**SOURCE INFORMATION**
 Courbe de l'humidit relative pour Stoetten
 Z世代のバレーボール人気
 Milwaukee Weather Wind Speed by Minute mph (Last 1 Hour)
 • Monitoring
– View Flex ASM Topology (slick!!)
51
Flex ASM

...

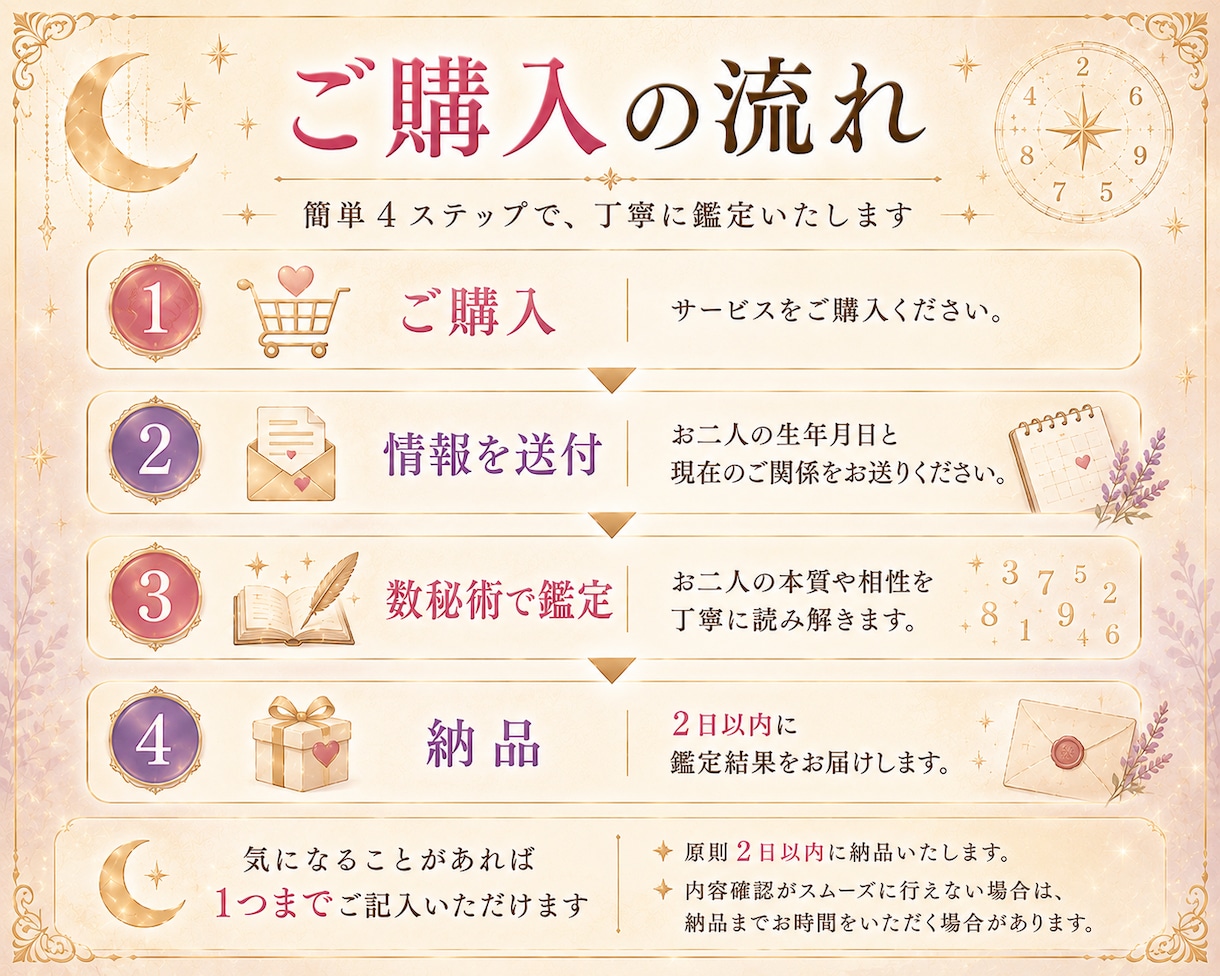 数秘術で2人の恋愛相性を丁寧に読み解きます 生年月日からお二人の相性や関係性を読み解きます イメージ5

**EXERCISE DESCRIPTION**
Only lines with the word "Flex" are wanted, so copy each one from the records.

**SOLVED EXERCISE**
– View Flex ASM Topology (slick!!)
Flex ASM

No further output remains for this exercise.